At 700 pages in length, “Handguns of the World” focuses on automatic pistols from their first appearance in the 1890s until the end of World War Two (you will not find post-war designs here). It includes chapters on each country in the world involved in handgun development, including the US, Germany, Austria, Belgium, Spain, Italy, Finland, Japan, France, the UK, Czechoslovakia, and the Soviet Union. Whether you want to know about the Luger or 1911 or the Hino-Komuro or Sosso, it’s all in here. The early chapter on military revolvers provides a very good backdrop for the semiauto development, and also includes a very cool chart of such guns categorized by lockwork type – something rarely covered by other authors.

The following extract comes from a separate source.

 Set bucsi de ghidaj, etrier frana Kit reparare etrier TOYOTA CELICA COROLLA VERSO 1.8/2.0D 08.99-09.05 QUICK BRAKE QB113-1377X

The two negatives I would express about the book are its photography and its scope, if I can be so demanding. The illustrations are all black and white, and some are pretty dark. It would be nice to see a full-solor glossy edition, although such a thing is clearly not going to happen. It would also be nice to have the scope of the book extend past 1945, to cover more recent developments, like SIG and Beretta lines among others. That said, asking for such things is truly the definition of looking a gift horse in the mouth, when you consider what this book does contain, and for what price.
I would strongly recommend Ezell’s “Handguns of the World” for both the advanced collector and the complete novice. Both of them will get a lot out of it.